_Problem:_ Only lines holding "Hotel" are wanted; copy each of them from the records below.
==================================================
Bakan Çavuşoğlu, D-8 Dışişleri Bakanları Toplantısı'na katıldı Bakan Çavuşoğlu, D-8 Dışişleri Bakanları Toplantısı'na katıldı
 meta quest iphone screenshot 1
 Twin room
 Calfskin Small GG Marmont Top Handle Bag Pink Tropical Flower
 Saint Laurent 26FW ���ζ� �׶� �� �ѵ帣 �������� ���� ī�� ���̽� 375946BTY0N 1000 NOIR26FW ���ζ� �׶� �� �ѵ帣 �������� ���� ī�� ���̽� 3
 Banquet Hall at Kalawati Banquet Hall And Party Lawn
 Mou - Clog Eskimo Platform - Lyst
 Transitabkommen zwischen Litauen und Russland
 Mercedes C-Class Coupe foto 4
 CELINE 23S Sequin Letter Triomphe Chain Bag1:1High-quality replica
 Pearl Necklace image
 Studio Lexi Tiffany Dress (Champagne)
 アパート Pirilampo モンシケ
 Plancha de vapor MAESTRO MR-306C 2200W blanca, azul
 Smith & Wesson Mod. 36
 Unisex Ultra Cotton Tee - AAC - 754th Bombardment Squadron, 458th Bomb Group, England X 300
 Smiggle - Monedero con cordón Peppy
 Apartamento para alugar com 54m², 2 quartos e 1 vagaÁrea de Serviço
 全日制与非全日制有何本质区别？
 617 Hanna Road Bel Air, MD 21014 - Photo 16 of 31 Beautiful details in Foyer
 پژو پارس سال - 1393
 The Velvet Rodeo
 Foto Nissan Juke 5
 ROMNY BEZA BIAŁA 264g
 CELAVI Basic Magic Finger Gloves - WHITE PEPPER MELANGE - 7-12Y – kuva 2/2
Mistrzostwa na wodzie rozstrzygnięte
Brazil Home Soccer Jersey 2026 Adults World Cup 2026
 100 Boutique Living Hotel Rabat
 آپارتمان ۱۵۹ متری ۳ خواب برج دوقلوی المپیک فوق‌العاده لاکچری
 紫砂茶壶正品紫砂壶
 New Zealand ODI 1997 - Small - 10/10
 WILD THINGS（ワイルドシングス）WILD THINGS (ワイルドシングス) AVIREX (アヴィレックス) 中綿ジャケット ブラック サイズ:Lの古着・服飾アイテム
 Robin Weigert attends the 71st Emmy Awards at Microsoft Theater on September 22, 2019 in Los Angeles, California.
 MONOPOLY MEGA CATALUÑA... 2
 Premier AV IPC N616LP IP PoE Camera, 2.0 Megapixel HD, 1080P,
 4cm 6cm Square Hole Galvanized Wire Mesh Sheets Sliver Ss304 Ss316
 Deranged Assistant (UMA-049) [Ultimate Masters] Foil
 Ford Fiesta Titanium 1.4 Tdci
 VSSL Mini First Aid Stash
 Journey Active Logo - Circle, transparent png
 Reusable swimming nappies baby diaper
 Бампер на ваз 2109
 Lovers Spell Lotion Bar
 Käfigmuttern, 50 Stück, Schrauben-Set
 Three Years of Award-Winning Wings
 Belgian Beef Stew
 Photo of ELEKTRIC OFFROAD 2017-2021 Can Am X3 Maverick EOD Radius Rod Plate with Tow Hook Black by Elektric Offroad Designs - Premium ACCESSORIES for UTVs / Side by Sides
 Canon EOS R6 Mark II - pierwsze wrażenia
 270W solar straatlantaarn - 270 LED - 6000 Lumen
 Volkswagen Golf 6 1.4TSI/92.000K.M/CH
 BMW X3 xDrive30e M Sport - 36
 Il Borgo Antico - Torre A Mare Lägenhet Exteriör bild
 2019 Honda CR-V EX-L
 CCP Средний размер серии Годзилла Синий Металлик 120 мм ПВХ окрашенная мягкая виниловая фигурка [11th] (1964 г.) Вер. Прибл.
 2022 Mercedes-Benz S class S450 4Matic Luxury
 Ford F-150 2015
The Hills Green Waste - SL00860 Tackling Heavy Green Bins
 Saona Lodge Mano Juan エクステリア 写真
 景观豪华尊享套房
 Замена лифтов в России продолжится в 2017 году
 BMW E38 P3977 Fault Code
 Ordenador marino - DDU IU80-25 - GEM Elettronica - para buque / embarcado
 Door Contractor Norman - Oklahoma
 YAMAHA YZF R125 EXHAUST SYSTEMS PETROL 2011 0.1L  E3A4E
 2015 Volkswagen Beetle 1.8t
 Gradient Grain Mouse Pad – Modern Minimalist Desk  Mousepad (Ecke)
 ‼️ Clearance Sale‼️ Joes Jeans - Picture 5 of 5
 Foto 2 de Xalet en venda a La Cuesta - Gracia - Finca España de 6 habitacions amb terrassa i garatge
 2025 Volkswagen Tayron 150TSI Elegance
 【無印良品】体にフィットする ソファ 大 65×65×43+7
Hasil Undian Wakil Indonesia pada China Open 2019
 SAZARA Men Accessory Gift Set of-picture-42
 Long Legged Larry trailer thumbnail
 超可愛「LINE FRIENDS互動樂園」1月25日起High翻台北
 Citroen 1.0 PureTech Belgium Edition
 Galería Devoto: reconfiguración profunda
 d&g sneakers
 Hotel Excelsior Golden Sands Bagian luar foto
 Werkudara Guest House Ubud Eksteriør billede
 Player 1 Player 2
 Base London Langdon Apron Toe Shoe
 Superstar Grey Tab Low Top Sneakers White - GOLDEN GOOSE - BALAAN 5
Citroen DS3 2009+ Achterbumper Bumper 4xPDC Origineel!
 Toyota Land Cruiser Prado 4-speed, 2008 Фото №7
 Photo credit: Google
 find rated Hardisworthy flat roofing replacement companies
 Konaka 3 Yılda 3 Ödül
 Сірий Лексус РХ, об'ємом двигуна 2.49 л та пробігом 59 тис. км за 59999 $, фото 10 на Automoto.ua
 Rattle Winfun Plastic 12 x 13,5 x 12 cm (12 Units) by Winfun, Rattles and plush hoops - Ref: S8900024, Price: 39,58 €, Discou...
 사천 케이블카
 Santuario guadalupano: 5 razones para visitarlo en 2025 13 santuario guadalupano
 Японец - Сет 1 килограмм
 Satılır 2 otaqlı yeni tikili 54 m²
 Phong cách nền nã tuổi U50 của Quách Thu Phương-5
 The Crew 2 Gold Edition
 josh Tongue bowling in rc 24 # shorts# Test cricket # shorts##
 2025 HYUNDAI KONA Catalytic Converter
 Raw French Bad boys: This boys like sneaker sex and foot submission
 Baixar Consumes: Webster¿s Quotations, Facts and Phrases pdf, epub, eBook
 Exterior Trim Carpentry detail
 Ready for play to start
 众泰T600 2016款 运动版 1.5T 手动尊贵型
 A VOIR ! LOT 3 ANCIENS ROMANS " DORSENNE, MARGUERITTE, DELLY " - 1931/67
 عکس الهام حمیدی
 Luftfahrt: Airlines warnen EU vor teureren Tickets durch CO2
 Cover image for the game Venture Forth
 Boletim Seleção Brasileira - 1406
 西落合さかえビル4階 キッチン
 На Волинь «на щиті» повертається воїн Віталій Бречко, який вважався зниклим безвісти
==================================================
_Solution to this task:_
 100 Boutique Living Hotel Rabat
 Hotel Excelsior Golden Sands Bagian luar foto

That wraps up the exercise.